WHAT THE TASK REQUIRES — With the pictures left out, transcribe exactly the lines from the one with "2020 Acura MDX Advance Package" through the end of the data.

★ ★ ★ ★ ★

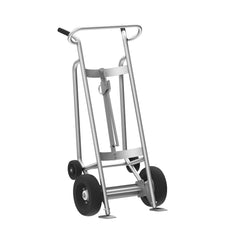 Valley Craft 4-Wheel Aluminum Drum Hand Trucks (F82960A1)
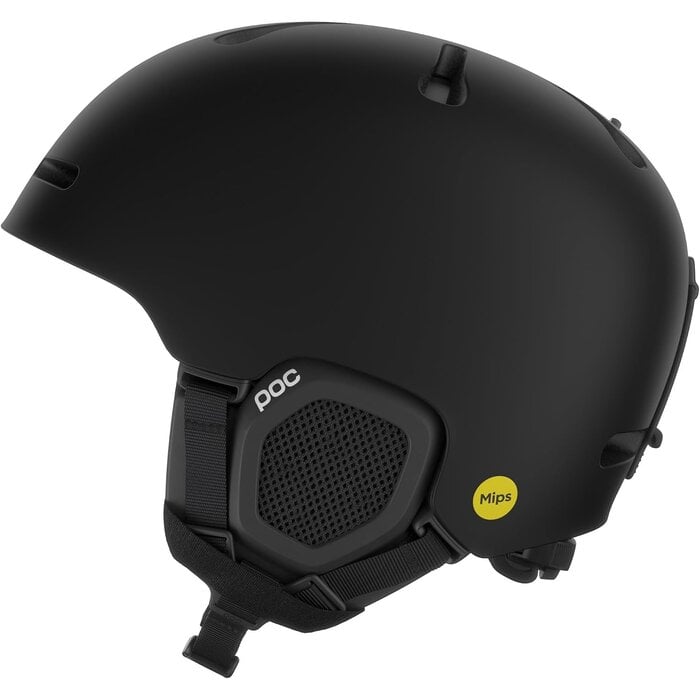 All-Mountain Skihelm mit MIPS - Uranium Black - Größe M-L - bis zu 35% Rabatt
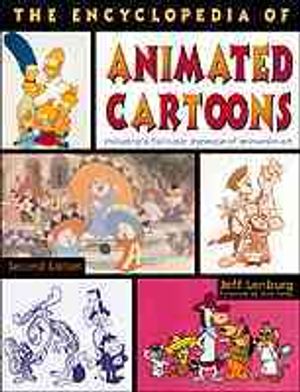 The Encyclopedia of Animated Cartoons: Second Edition image number 0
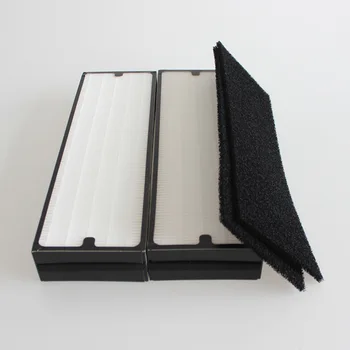 2*Filter + 2*Carbon Sheet Fits For Blueair PAC Sense+ Particle Repalcement Parts
2*Filter + 2*Carbon Sheet Fits For Blueair PAC Sense+ Particle Repalcement Parts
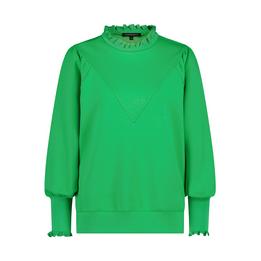 Overview image: Tramontana Sweater Knitted Collar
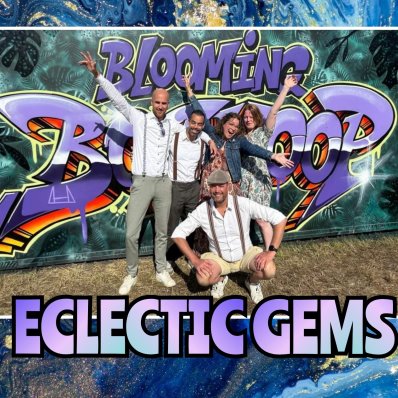 Eclectic Gems: verrassend mix van stijlen
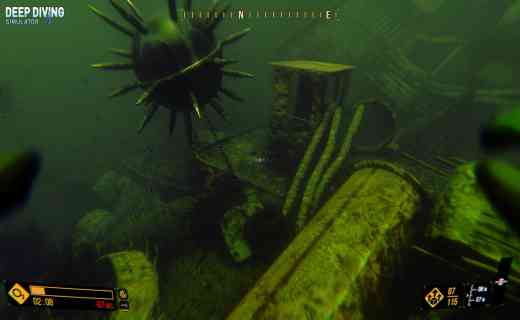 Deep Diving Simulator Free Download For PC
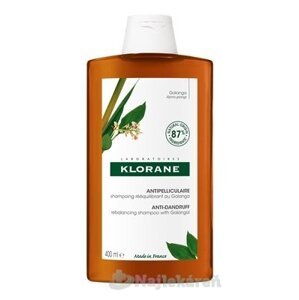 KLORANE Šampón s galangalom 400ml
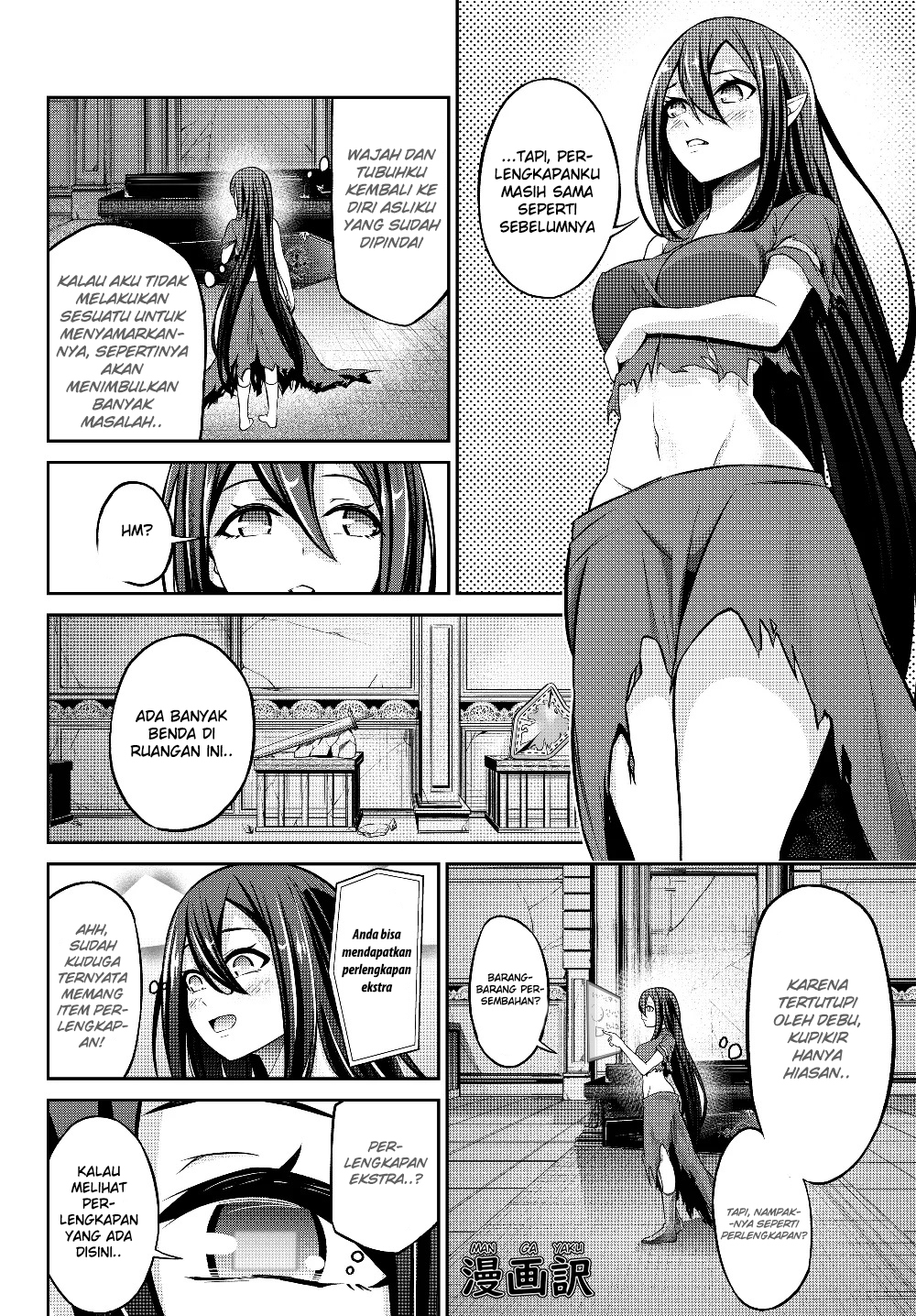 Jingai Hime Sama, Hajimemashita – Free Life Fantasy Chapter 3.2 - halaman 7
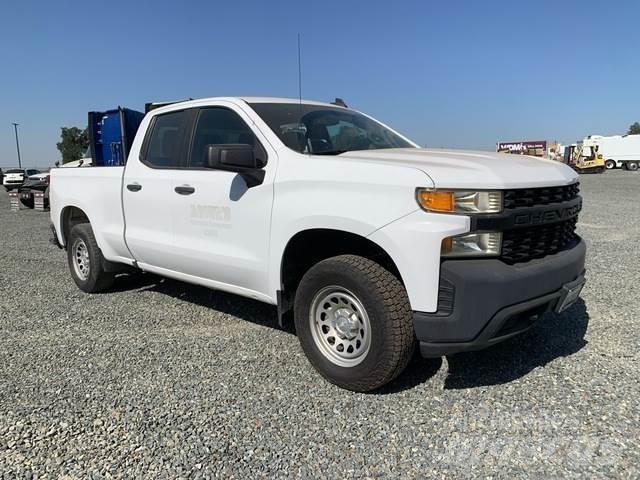 Chevrolet 1500 Anders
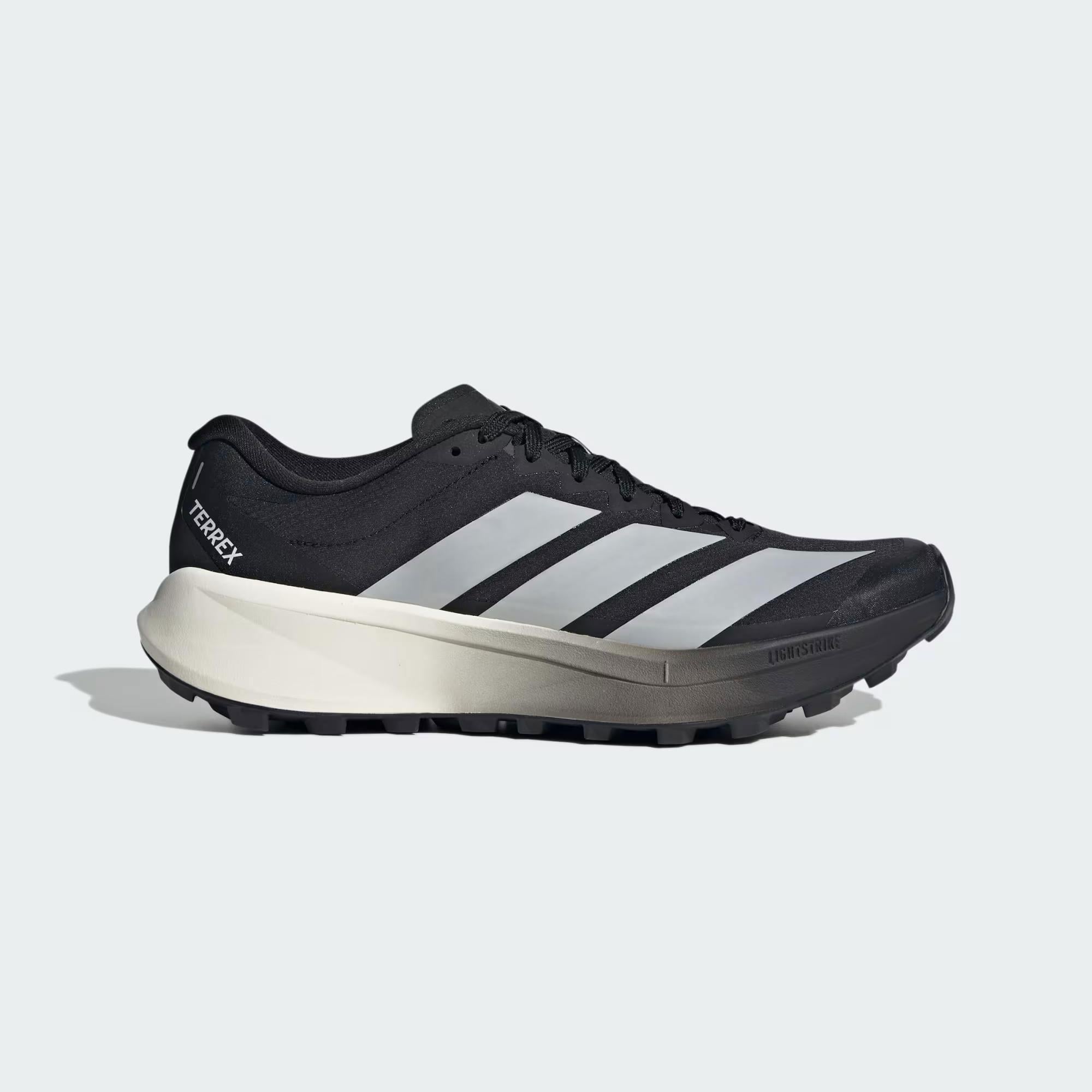 TERREX AGRAVIC 4 - ADIDAS SIYAH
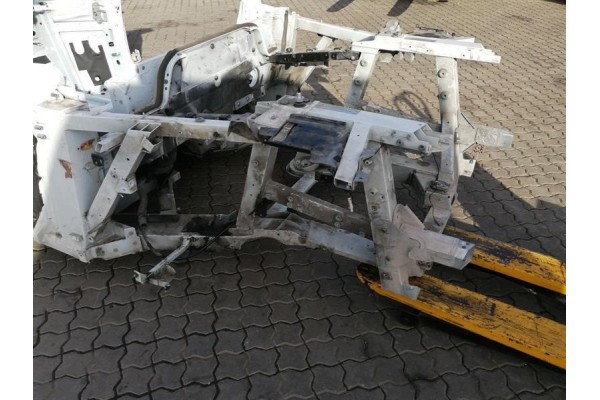Audi R8 Type 42 V10 5 2 Spyder rear panel 427813031TA Catalog number of the part 427813031TA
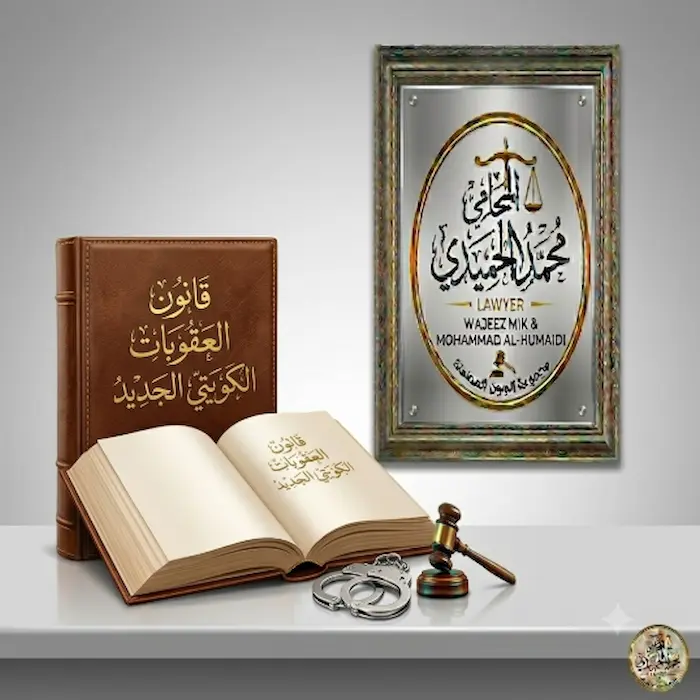 قانون العقوبات الكويتي الجديد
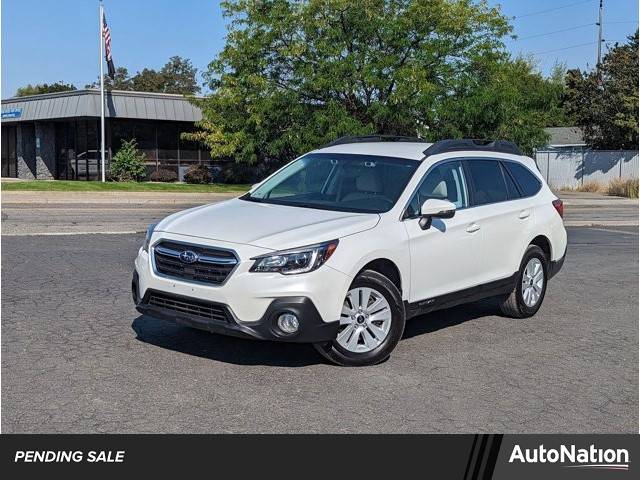 2019 Subaru Outback 2.5i Premium — SUV — 66,269 mi — Spokane Valley, WA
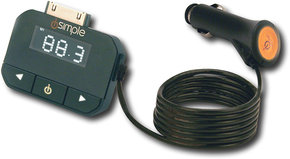- JamKast P FM Transmitter with RDS Text Transmiss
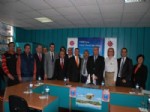 HASAN ÖZER - Aydın Şoförler ve Otomobilciler Odası Yönetimi, Üyelerine Denizbank'dan Anlaşma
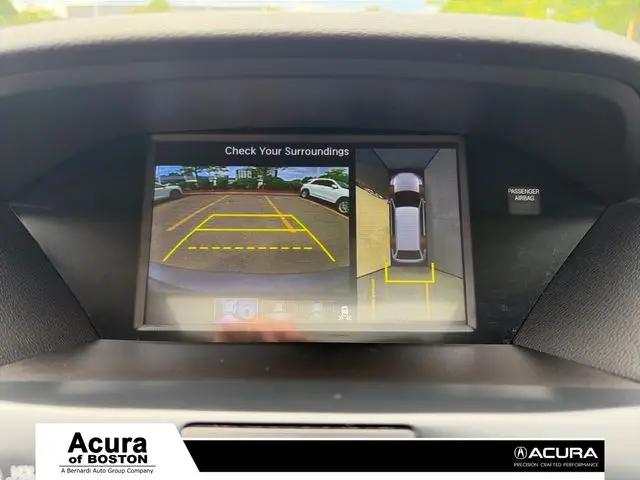 2020 Acura MDX Advance Package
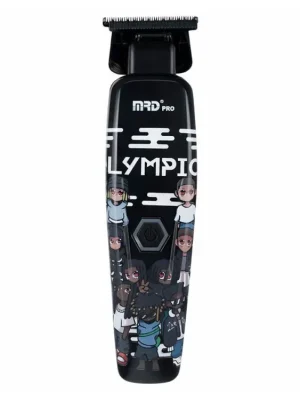 Profesionální konturovací strojek MRD Pro Smart Brain trimmer GMT-90-4 - Black Limited edition Akční Nabídka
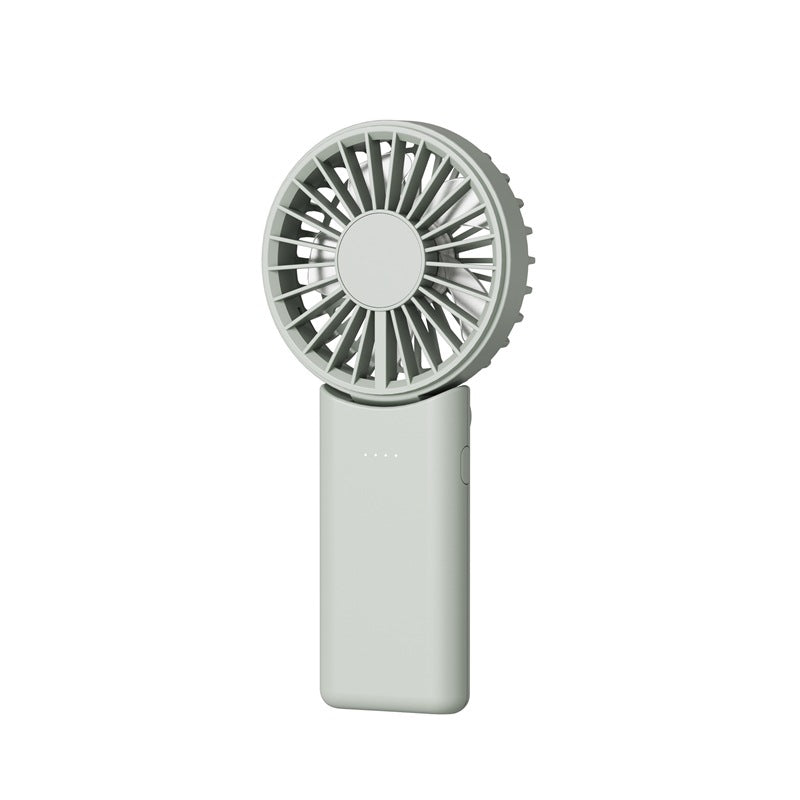 Handheld Rechargeable Cooling Fan Bowlift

★ ★ ★ ★ ★

WRITTEN REPLY —
 2020 Acura MDX Advance Package
 Profesionální konturovací strojek MRD Pro Smart Brain trimmer GMT-90-4 - Black Limited edition Akční Nabídka
 Handheld Rechargeable Cooling Fan Bowlift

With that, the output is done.